The obvious but invalid approach
You can't simply iterate through the list, comparing each iterator value to your "candidate".
The C++03 Standard is vague about the validity of == applied to iterators from different containers (Mankarse's comment on Nawaz's answer links http://www.open-std.org/jtc1/sc22/wg21/docs/papers/2009/n2948.html#446), some compilers (eg. VC++2005 debug mode) warn if you do so, but despite all that it may actually work reliably depending on your compiler/libraries - check its documentation if you don't care about portability.
The C++11 Standard is very explicit, you can't compare iterators to different containers:
§ 24.2.5 The domain of == for forward iterators is that of iterators over the same underlying sequence.
So, the answers to this question that rely on operator== are questionable now, and invalid in future.
An oft-valid approach
What you can do is iterate along the list, comparing the address of the elements (i.e. &*i) to the address of the object to which your other iterate points.
Mankarse's comment cautions that this might not work as intended for objects providing their own operator&. You could work around this using std::addressof, or for C++03 boost's version
Martin's comment mentions that you have to assume the candidate iterator that you're testing list membership for is safely dereferenceable - i.e. not equal to an end() iterator on the container from which it came.

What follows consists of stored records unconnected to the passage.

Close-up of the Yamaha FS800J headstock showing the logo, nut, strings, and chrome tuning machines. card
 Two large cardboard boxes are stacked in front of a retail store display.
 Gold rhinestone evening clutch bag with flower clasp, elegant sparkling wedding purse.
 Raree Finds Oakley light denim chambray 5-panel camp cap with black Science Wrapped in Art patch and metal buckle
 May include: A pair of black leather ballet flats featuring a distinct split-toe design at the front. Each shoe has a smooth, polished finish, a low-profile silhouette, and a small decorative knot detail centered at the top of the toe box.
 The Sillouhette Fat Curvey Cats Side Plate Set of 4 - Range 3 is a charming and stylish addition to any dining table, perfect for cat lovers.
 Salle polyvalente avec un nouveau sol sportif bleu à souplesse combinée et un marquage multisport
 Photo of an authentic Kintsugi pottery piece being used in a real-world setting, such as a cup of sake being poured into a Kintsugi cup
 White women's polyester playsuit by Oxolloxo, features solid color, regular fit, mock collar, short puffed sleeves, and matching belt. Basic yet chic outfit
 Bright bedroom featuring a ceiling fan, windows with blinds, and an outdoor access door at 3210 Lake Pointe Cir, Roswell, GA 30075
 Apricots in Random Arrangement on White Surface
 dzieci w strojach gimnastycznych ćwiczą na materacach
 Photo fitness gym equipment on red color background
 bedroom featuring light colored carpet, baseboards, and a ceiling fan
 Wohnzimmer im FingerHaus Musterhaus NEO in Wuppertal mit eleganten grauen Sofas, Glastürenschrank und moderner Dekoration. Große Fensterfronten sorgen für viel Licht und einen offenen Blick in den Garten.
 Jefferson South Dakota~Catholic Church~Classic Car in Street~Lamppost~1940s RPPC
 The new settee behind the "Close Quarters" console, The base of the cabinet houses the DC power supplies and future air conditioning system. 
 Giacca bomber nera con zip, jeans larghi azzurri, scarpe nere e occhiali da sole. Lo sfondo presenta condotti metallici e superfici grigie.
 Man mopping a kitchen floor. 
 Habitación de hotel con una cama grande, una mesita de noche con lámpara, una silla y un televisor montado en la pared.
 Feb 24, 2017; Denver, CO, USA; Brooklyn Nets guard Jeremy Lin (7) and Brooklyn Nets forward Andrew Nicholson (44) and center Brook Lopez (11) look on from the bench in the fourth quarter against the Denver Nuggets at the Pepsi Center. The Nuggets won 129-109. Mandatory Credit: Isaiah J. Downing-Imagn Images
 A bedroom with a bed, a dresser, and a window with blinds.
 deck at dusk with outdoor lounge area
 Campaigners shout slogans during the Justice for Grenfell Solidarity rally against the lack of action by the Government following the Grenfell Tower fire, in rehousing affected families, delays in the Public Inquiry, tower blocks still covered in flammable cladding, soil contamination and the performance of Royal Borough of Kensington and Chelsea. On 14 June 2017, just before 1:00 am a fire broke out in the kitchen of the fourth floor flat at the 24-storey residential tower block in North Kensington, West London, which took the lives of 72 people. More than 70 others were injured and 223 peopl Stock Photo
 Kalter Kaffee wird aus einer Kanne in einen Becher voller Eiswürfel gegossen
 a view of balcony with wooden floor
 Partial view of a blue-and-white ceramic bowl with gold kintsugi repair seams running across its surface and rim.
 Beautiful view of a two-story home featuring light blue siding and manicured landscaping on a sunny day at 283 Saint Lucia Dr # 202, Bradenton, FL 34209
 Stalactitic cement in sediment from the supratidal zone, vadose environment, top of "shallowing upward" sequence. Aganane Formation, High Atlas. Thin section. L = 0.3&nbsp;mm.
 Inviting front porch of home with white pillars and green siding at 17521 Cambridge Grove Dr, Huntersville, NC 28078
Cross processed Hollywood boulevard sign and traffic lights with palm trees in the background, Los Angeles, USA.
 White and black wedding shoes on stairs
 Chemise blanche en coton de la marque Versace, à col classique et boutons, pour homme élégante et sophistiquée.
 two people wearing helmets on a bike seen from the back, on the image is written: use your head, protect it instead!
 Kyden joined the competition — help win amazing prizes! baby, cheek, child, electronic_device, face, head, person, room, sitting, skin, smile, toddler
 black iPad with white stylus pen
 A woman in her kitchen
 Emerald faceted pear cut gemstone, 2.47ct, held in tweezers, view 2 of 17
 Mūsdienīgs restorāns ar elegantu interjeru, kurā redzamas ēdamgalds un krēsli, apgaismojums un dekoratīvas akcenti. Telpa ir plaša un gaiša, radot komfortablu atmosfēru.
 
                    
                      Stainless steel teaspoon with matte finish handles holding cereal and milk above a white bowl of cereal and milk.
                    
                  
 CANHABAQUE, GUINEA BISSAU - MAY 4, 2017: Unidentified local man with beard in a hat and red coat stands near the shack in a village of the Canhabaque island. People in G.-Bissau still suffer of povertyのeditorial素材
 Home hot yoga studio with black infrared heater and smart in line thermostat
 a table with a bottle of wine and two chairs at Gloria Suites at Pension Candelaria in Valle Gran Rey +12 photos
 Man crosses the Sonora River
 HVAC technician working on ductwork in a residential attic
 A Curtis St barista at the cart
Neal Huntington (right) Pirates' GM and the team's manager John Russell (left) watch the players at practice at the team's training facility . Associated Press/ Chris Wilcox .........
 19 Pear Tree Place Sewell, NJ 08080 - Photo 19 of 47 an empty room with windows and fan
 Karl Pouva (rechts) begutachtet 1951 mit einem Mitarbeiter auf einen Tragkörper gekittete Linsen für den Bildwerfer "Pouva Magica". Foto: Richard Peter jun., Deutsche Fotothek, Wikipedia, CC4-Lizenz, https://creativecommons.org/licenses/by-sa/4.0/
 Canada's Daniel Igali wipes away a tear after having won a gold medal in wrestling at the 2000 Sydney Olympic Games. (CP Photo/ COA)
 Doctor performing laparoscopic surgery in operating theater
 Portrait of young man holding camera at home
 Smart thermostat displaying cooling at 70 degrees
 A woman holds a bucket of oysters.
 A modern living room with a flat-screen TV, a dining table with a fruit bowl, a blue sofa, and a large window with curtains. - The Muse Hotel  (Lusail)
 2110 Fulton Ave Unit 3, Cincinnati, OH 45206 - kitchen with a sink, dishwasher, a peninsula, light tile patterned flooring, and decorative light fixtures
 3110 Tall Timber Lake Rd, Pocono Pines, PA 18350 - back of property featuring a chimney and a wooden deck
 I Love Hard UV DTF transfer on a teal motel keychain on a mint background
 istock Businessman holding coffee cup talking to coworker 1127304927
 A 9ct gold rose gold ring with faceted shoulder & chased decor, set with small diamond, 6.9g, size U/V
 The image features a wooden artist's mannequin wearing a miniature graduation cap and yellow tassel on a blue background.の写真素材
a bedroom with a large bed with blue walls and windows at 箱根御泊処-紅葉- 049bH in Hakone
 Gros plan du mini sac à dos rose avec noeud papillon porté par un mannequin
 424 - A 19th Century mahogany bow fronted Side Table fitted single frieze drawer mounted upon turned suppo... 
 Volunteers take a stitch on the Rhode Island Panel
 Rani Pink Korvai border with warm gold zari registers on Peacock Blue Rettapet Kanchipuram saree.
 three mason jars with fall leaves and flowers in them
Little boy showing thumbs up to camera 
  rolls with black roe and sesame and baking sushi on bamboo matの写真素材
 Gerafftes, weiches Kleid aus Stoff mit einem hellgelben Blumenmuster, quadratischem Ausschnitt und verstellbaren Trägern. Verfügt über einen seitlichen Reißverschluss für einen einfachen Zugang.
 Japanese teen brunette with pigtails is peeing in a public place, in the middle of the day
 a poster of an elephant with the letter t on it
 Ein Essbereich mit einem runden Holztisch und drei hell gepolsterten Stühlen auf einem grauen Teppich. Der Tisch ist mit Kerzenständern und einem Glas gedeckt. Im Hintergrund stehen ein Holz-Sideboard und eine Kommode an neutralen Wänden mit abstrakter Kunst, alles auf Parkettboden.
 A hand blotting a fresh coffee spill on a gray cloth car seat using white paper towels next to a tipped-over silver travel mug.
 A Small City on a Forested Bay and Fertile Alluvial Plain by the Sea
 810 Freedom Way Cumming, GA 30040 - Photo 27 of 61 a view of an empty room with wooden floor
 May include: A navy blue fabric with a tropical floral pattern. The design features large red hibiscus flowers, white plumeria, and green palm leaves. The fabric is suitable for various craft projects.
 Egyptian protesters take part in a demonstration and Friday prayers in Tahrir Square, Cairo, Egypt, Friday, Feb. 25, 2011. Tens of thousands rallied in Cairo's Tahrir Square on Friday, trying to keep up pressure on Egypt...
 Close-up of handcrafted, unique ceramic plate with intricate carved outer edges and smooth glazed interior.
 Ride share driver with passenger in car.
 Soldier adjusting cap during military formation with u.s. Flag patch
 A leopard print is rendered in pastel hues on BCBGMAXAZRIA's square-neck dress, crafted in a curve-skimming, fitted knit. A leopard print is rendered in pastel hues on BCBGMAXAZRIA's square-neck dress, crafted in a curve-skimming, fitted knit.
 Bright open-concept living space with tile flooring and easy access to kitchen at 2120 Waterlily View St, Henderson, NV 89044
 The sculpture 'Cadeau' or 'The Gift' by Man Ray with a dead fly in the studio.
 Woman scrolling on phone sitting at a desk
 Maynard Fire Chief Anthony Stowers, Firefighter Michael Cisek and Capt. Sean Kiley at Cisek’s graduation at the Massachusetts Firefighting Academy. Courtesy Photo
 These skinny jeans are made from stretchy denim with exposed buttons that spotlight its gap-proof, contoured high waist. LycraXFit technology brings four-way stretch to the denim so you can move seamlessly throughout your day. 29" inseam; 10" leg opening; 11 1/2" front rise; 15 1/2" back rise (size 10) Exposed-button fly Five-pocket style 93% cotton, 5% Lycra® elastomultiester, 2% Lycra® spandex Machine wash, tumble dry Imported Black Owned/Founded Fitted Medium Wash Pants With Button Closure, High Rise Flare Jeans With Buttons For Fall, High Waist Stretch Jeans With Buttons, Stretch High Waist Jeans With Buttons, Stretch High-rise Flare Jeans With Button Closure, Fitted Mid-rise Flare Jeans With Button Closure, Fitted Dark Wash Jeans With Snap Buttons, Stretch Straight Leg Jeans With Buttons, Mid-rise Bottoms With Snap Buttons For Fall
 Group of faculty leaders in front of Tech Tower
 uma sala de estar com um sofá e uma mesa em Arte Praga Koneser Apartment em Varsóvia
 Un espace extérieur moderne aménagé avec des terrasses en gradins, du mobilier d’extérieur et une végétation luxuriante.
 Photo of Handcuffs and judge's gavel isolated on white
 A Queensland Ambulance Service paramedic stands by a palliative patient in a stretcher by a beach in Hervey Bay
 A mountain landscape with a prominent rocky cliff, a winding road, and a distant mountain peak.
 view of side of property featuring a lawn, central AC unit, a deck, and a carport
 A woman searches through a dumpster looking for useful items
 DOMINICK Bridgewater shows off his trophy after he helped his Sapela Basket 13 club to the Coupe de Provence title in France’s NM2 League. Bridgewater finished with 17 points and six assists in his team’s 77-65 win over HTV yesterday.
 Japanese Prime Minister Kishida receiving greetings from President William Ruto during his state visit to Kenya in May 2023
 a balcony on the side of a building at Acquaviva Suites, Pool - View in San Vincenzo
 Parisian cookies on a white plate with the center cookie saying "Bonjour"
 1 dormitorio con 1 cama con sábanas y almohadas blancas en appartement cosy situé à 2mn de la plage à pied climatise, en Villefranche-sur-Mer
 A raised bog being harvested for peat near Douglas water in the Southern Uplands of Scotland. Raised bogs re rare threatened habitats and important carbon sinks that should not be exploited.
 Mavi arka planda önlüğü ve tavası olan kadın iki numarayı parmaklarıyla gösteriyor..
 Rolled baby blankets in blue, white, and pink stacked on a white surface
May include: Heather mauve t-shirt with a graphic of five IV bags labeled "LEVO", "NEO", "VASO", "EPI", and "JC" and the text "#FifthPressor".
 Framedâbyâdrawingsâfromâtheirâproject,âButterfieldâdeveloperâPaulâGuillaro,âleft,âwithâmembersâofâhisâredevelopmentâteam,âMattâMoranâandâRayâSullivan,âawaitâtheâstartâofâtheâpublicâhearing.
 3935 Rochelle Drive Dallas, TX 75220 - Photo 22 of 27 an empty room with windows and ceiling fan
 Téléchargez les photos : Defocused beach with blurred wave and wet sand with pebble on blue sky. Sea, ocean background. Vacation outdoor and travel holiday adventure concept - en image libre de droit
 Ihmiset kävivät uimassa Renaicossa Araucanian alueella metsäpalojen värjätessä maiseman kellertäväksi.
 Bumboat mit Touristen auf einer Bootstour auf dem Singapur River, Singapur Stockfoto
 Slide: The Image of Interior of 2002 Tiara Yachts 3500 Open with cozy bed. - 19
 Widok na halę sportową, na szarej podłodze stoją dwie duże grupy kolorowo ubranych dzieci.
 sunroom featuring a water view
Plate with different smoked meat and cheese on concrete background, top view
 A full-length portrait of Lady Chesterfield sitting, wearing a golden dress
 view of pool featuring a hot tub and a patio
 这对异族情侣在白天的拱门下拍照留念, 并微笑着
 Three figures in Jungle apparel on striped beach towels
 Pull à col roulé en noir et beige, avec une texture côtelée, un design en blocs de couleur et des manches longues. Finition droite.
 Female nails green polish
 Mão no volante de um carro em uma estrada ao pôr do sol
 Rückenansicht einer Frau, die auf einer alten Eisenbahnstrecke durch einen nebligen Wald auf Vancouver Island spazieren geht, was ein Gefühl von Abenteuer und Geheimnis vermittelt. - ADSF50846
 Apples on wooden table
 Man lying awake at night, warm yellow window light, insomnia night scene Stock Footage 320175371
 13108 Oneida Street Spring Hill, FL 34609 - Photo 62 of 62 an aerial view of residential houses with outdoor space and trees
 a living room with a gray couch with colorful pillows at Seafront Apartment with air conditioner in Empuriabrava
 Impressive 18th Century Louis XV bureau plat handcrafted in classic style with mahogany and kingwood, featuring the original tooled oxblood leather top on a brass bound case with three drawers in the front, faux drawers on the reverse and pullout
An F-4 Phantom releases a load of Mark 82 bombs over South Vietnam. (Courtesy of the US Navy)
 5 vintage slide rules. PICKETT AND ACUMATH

As Steve points out - that's a pretty reasonable precondition and shouldn't surprise anyone.
(This is fine for all Standard containers as stored elements never have the same address, but more generally user-defined containers could allow non-equal iterators to address the same value object (e.g. supporting cycles or a "flyweight pattern" style optimisation), in which case this approach would fail. Still, if you write such a container you're probably in a position to design for safe iterator comparison.)
Implementation:
template <class IteratorA, class IteratorB, class IteratorC>
inline bool range_contains(IteratorA from, const IteratorB& end,
const IteratorC& candidate)
{
while (from != end)
if (&*from++ == &*candidate)
return true;
return false;
}
Notes:
This adopts the Standard library approach of accepting a range of iterator positions to search.
The types of each iterator are allowed to vary, as there are portability issues, e.g. containers where begin() returns an iterator but end() returns a const_iterator.
Iterators other than from are taken by const reference, as iterators can sometimes be non-trivial objects (i.e. too large to fit in a register, relatively expensive to copy). from is needed by value as it will be incremented through the range.
Related
Iterators from different containers cannot be compared (see for example here:https://stackoverflow.com/a/4664519/225186) (or more technically, it doesn't need to make sense.)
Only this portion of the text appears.